* REQUIREMENT *
What is wanted is every line below from the one with "Snap on Die-cast First Production Facility" up to and including the one with "5WYOUKE 壁掛けフック 釘付き", retyped exactly, pictures excluded, nothing else.

══ RECORDS TO PROCESS

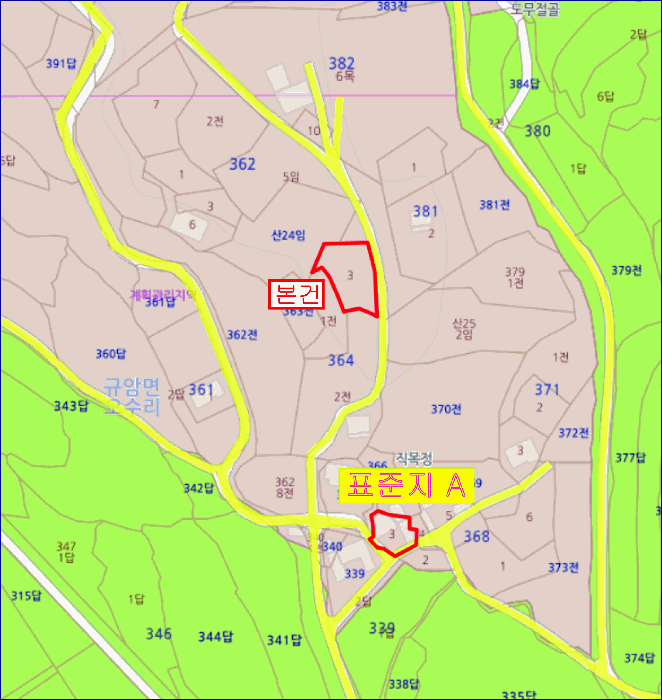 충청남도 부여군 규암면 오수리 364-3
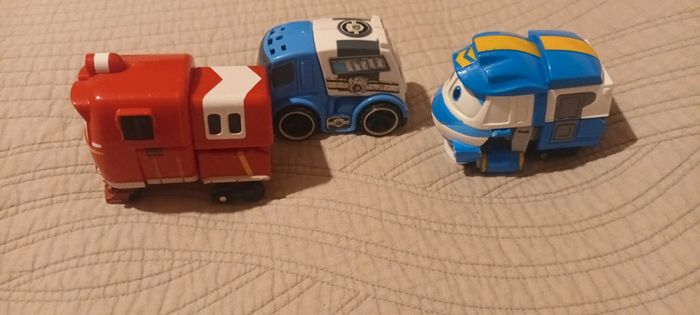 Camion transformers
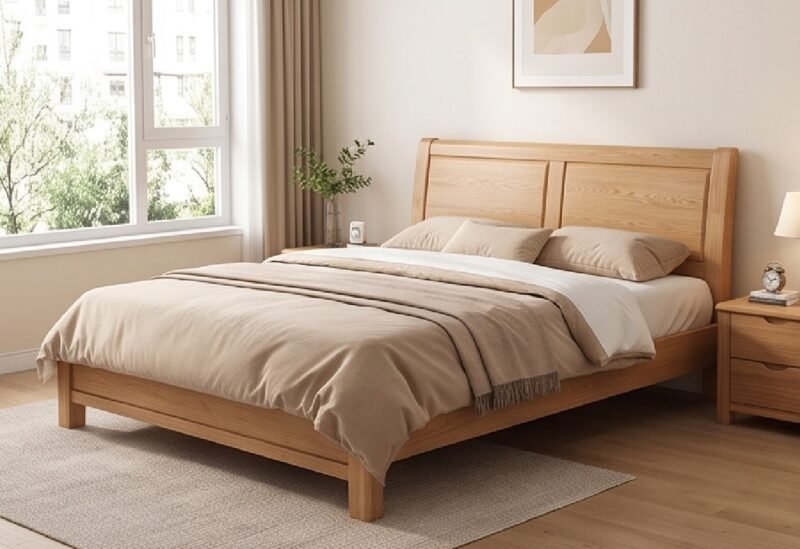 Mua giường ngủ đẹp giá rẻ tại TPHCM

════
══ RECORDS TO PROCESS

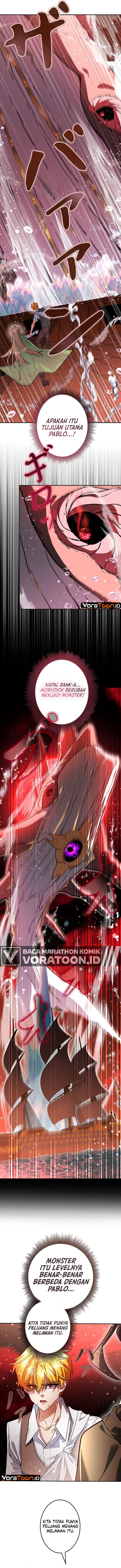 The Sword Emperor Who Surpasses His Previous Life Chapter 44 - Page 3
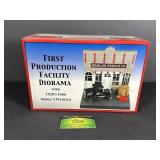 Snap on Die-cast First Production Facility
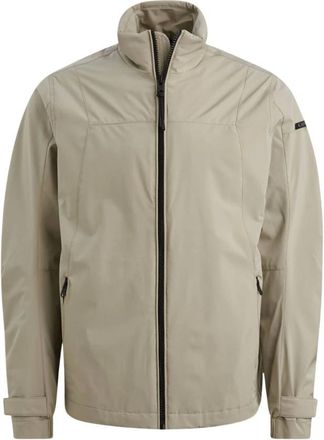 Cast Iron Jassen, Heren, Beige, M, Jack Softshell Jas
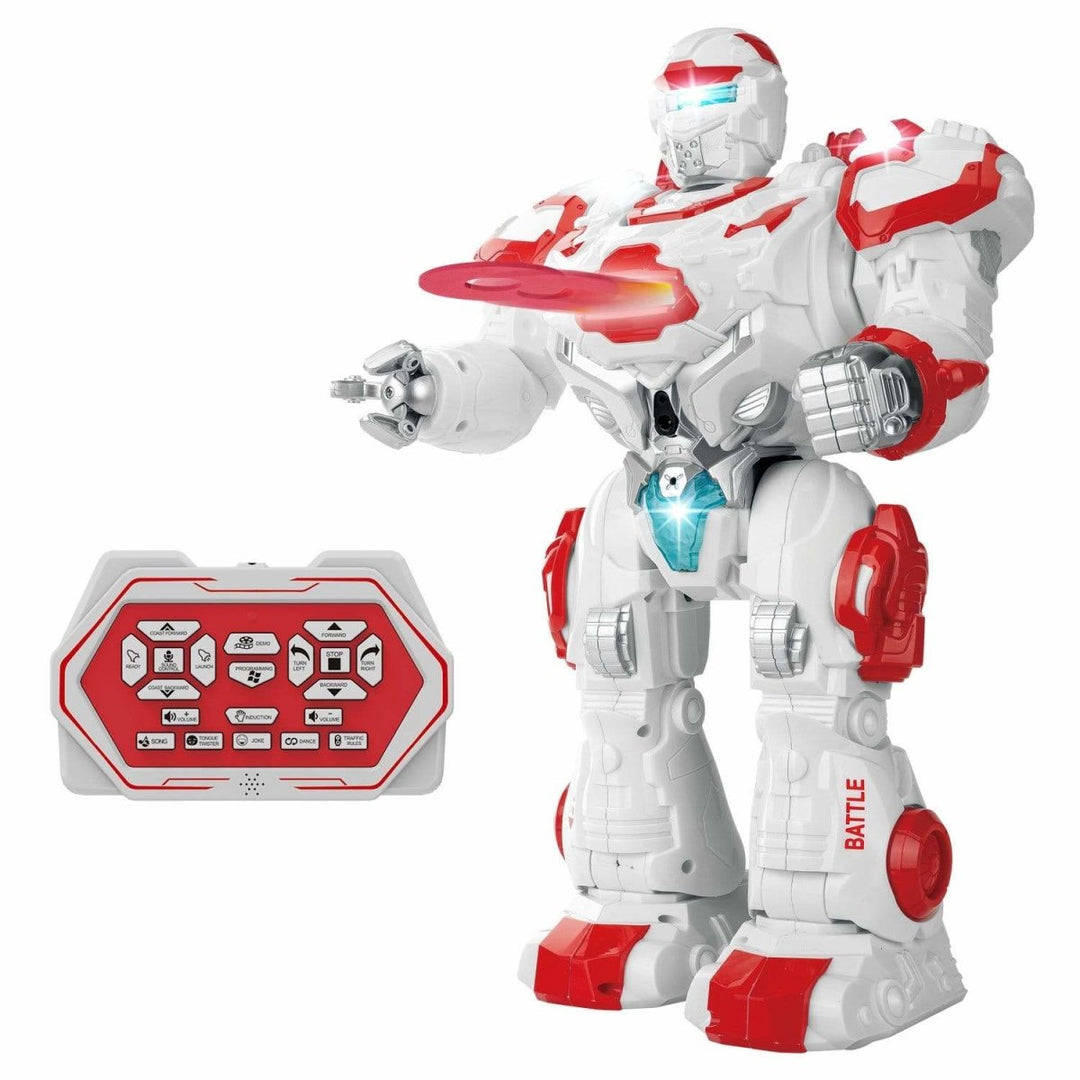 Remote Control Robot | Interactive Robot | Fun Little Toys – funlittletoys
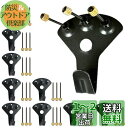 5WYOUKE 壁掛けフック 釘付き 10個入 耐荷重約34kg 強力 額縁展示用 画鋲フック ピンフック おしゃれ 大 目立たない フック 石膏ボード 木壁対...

════

* ANSWER FOR THE TASK *
 Snap on Die-cast First Production Facility
 Cast Iron Jassen, Heren, Beige, M, Jack Softshell Jas
 Remote Control Robot | Interactive Robot | Fun Little Toys – funlittletoys
 5WYOUKE 壁掛けフック 釘付き 10個入 耐荷重約34kg 強力 額縁展示用 画鋲フック ピンフック おしゃれ 大 目立たない フック 石膏ボード 木壁対...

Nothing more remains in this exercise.